§ **Task to carry out**:
Pictures excluded, set down exactly the lines from the one containing "Rainwood East/Town Oaks - Residential" through the final line of the material, and only those.

§ **Provided data**:
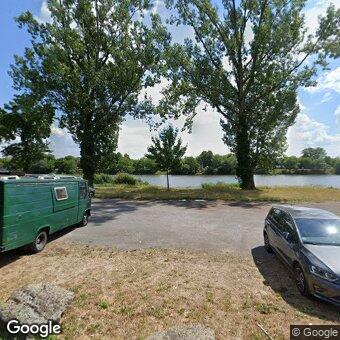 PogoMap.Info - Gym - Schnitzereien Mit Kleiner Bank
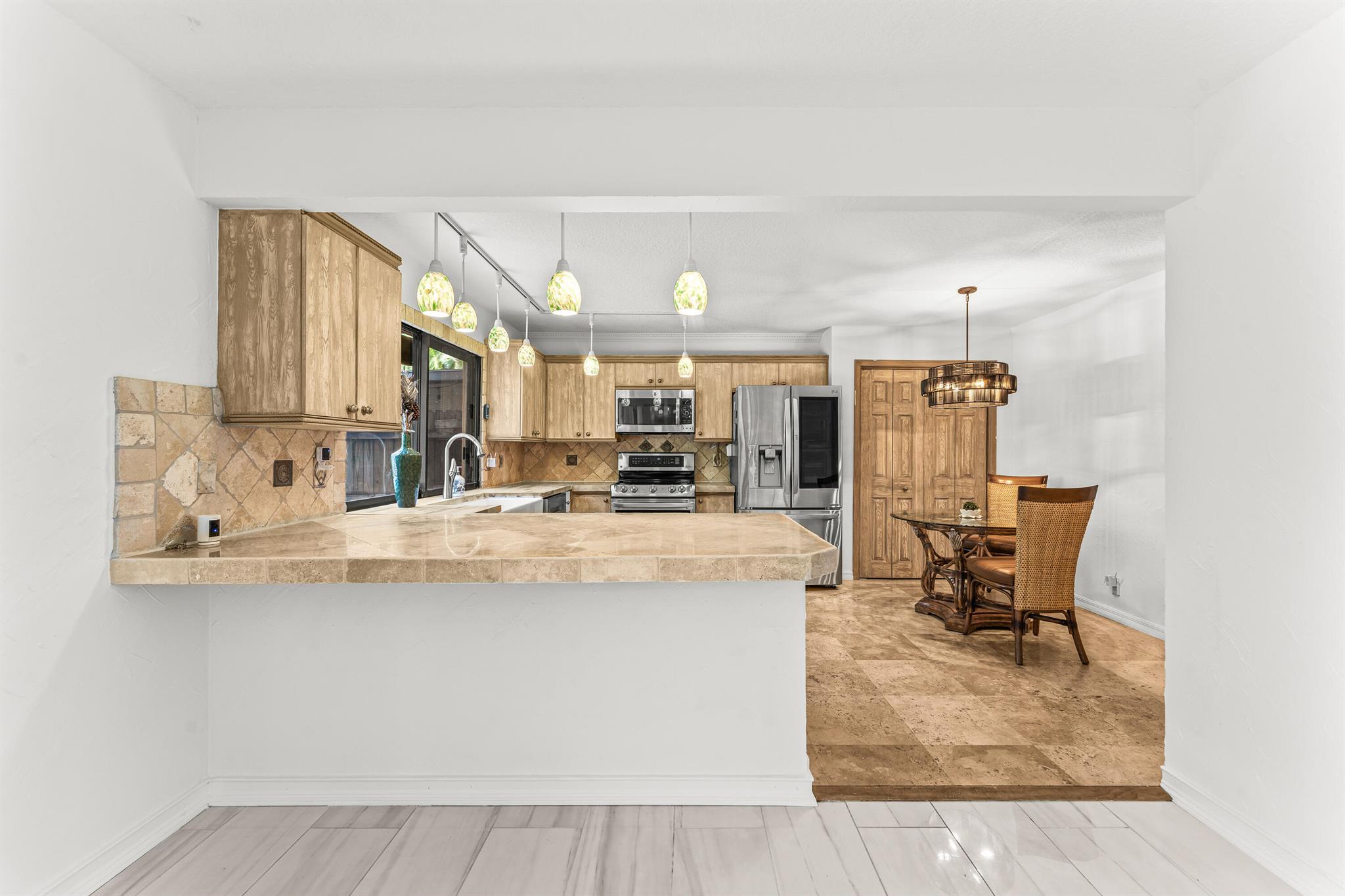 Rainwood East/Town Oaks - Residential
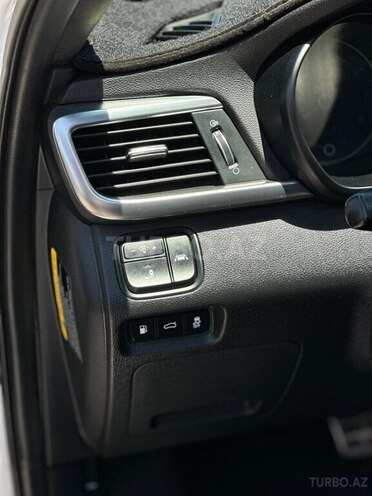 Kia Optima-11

§ **Result below**:
 Rainwood East/Town Oaks - Residential
 Kia Optima-11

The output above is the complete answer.